Every school has its problems, Evans said. Fights occur. Some students don't show up for class.
But an encouraging environment makes it possible to get a good education in the District, said Evans, who lives near Seventh and L streets NW. He said he dreams of playing professional football and likes having teachers at his games. In the classroom, he said, he appreciates being asked whether he needs assistance.
"That's what makes a good teacher," Evans said. "They'll come by and ask if you need anything, even if you don't ask for extra help. And they have to be a little funny."
Humor can help teachers relate to students better, Evans said. It shows that they don't take themselves too seriously.
If a teacher is too self-involved, the results can be harmful, said Ashley Byars, a 16-year-old student at Dunbar High School in Northwest.
"There was one teacher and I basically hated her guts," Byars said. "It was in the way she talked, always looking down on people."
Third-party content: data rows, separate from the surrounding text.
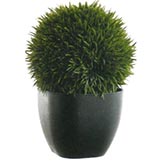 11 inch Oval Tea Leaf Ball Topiary in Black Urn
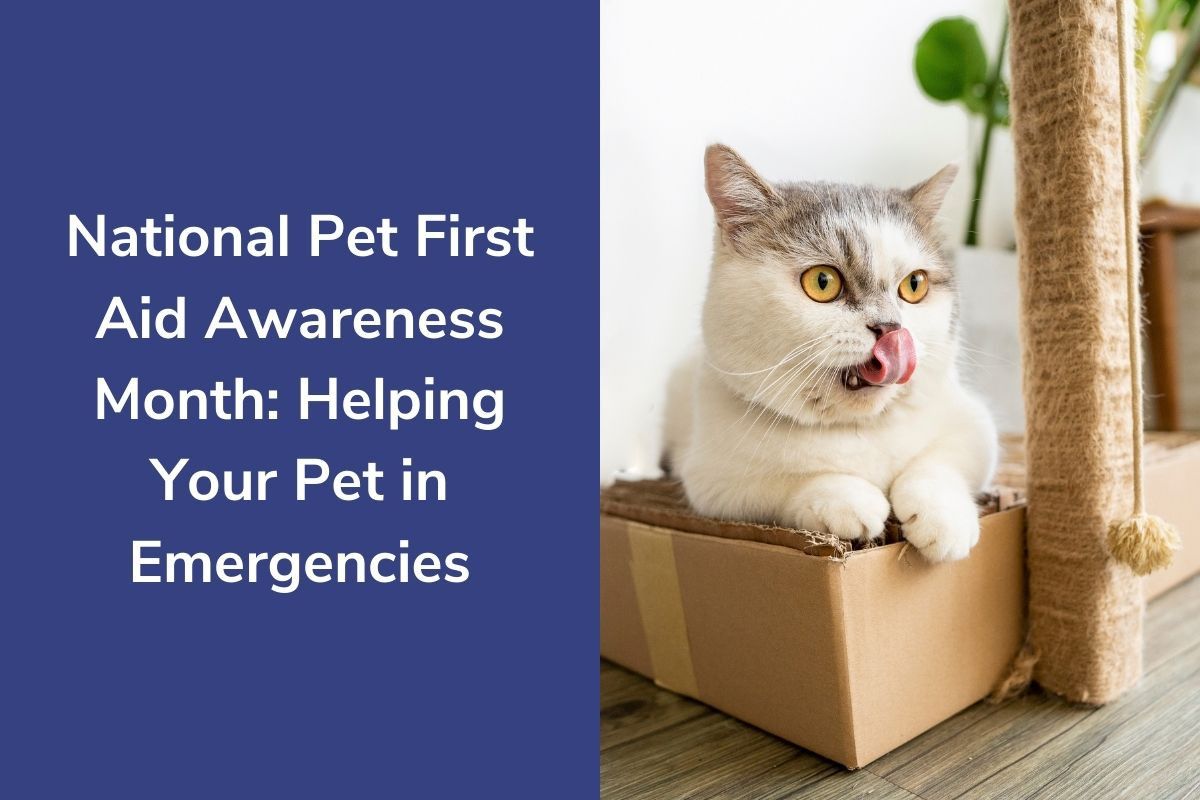 National Pet First Aid Awareness Month: Helping Your Pet in Emergencies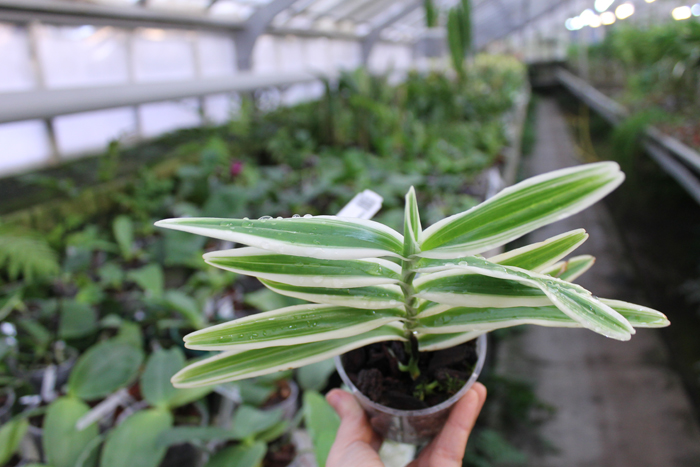 Arachnis Maggie Oei.jpg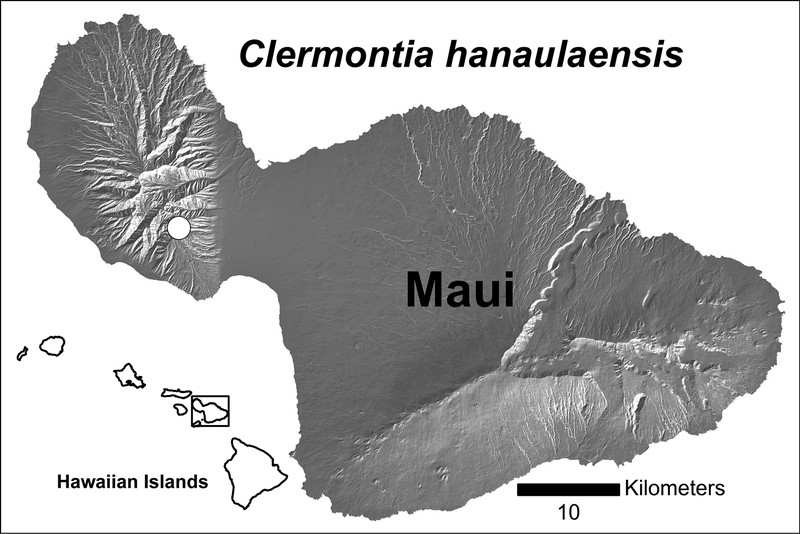 Clermontia hanaulaensis photo 4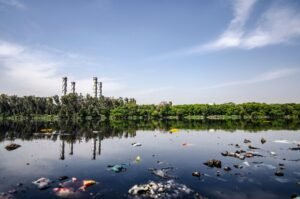 CJI Surya Kant Advocates for Legal Recognition of Climate-Displaced Persons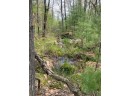 120 ACRES County Road Y, Stevens Point, WI 54481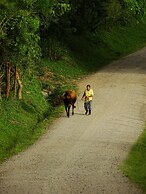 Miztli Lodge & Adventures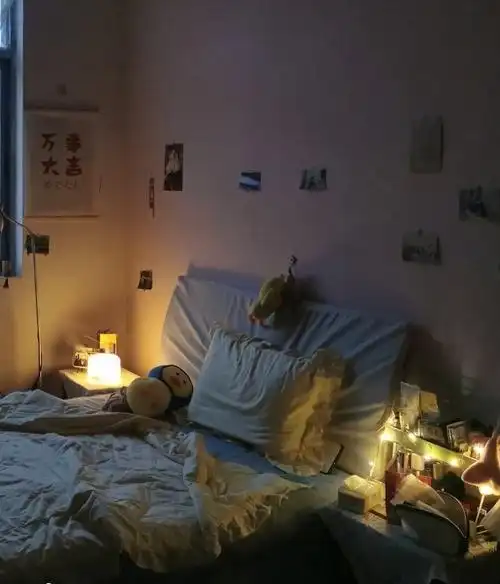 hhhh是工作单位的房间啦房间不大但还是希望夜晚在一个温馨的环境度过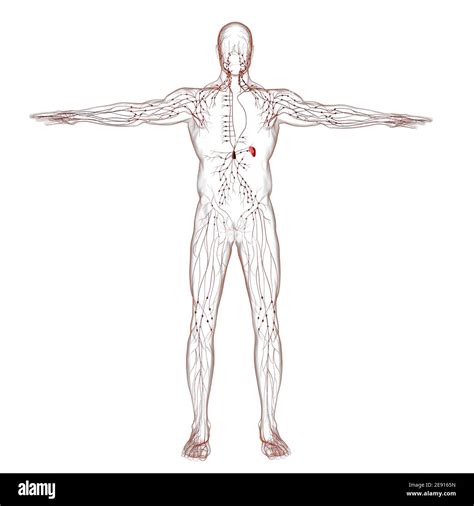 Human Lymph Nodes Anatomy For Medical Concept 3d Illustration Stock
One time, Byars said, the teacher told her class, "I don't care if you learn or not; I still get paid." The statement turned the class against her, Byars said.
An active interest in helping students succeed can make all the difference, said Adrian Robinson, 16, who attends Benjamin Banneker High School in Northwest. Robinson, a self-described class clown, said he sometimes prefers a teacher "who won't let me get away with anything." It forces him to do his schoolwork.
The education system will never be perfect, Robinson said.
Still, the students said they wanted just a little more from it.
"New textbooks would be nice," Robinson said. "The last president in one of my textbooks is Ronald Reagan."
And Lia Dove, a 16-year-old at Washington Math, Science and Technology High School in Southeast, said, "It would be good if we'd have more extracurricular activities."
Evans, of Cardozo, wants to make sure one thing isn't forgotten: "I'm telling you, we need better lunches."